Mais longe não precisamos ir para mostrar que dos três espaços imaginários grego,
das três Grécias, a Hélade, a Pólis e a escola filosófica, esta última foi a que mais tempo
durou. A tal ponto que podemos dizer que as outras duas só ocupam em nosso imaginário
o lugar que ocupam por conta dela. Não fosse a leitura contínua das obras de Platão,
Aristóteles e de seus herdeiros ao longo da Idade Média, a experiência da pólis jamais
teria adquirido a relevância que adquiriu na própria auto-interpretação do ocidente, que
até hoje utiliza um vocabulário majoritariamente grego para se referir às próprias
instituições. Ao mesmo tempo, devemos nos precatar de que se somos herdeiros da escola
filosófica, não o somos da Pólis. Ou melhor dizendo, só o somos desta por intermédio
daquela, o que faz toda a diferença. Chamamos nossos sistemas de governo de
democracias mas eles pouco tem a ver com as democracias antigas. No plano
institucional, o estado moderno é o herdeiro direto das comunas medievais, não da pólis.

d) Continuidade ou descontinuidade histórica?

Por dever de ofício, historiadores, e particularmente historiadores da filosofia,


preferem chamar atenção para as descontinuidades que paras as continuidades da história.
É verdade, e nem poderia ser diferente, que o ensino da Academia não foi o mesmo
durante toda a sua existência, e que, em muitos casos, as ideias dos filósofos neo-
platonicos em pouco lembram as que podemos ler na República e nas Leis.
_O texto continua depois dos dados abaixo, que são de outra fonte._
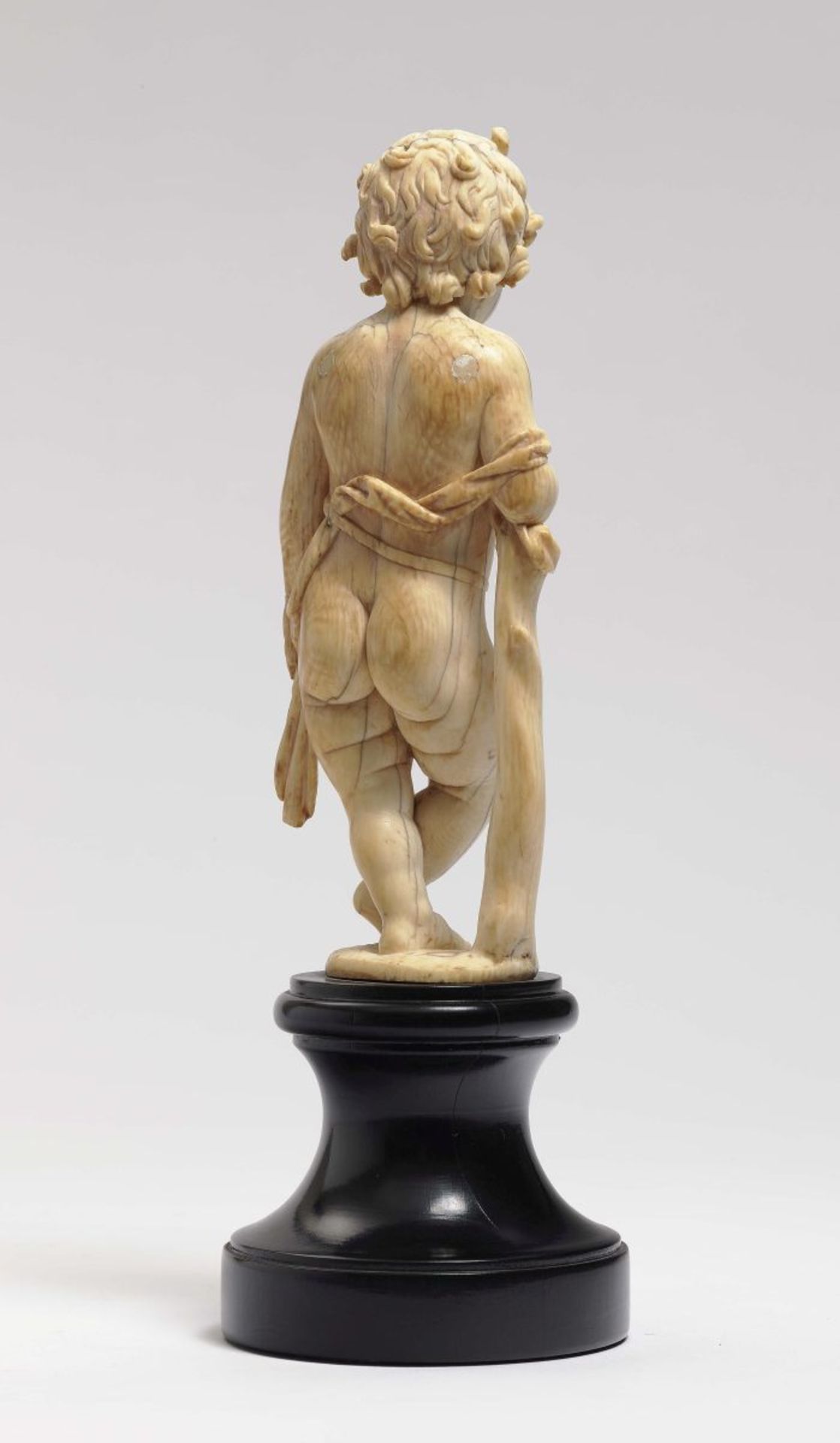 CupidFlemish, 16th Century Ivory, carved in full round. Wings missing. Height 17 cm.Angel, - Bild 2 aus 3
Mas também
é verdade que o coração do platonismo não são as ideias filosóficas mas a vida filosófica;
e que, ao contrário da vida religiosa, esta última é uma prática do espírito que não depende
de uma continuidade geográfica ou mesmo institucional. Descontada a exigência destas
últimas, a continuidade histórica do platonismo torna-se uma ideia muito mais fácil de
afirmar sem que fazê-lo signifique negar as mudanças naturais que decorrem de qualquer
desenvolvimento histórico de longa duração mas apenas reconhecer que elas não são
suficientes para fazer o fenômeno estudado uma outra coisa. E conciliar-se com o fato de
que, se toda continuidade histórica, desde a das grandes religiões mundiais até a dos
estados, tem um quê de construída, tal não as faz menos reais por conta disto.
O caso do platonismo é a até comparativamente mais simples que o das religiões
e dos estados. Na falta de qualquer critério oficial que se assemelhe aos dogmas da Igreja,
ou de uma continuidade política como no caso das religiões mundiais, ou de uma
persistência geográfica, como no caso dos estados e das culturas, podem ser tomadas
como representantes da extinta academia todas as comunidades de estudiosos que tenham
se reunido por um período longo o suficiente para cultivar as obras e tal como a
interpretem. Segundo este critério frouxo mas não inexato, incluem-se como
continuadoras da academia tanto as comunidades filosóficas das grandes cidades do
mundo antigo – do funcionamento das quais temos não mais que pistas esparsas – até a
distante academia platônica de florença. Não incluem-se – e isto é importante, pois não
se trata de simples ideias – os leitores individuais curiosos, os teólogos cristãos que, se
leram e aproveitaram ideias platônicas, o fizeram em outro ambiente institucional; como
não incluem-se, claro, os eruditos modernos, que não mais entendem estudo da filosofia
como uma forma de vida. Talvez devam ser incluídos – seria matéria para um fecundo
debate – os sábios muçulmanos como Al-Farabi e Mulla Sadra, praticantes de uma
religião que parece ser mais capaz de absorver o projeto platônico sem descaracterizá-lo
que o cristianismo.
Qualquer que seja a resposta que, em cada caso, se dê à pergunta de que círculos
de estudiosos historicamente identificáveis são realmente herdeiros da academia e quais
não são, resta que esta perspectiva que é, ao mesmo tempo, existencial e não historicista
da filosofia, complementa a perspectiva tradicional da história das ideias, que tende a
apresentar a prática filosófica como um conjunto de teorias que são colhidas e passadas
pra frente por filósofos ao longo da história. A filosofia é isto também, e não resta dúvida
que esta é sua dimensão mais importante. Ocorre que ela foi concebida como, e também
é, uma forma de vida, semelhante às formas de vida que chamamos religiosas. Como
estas, possui uma existência histórica concreta à qual merece ser chamada a atenção.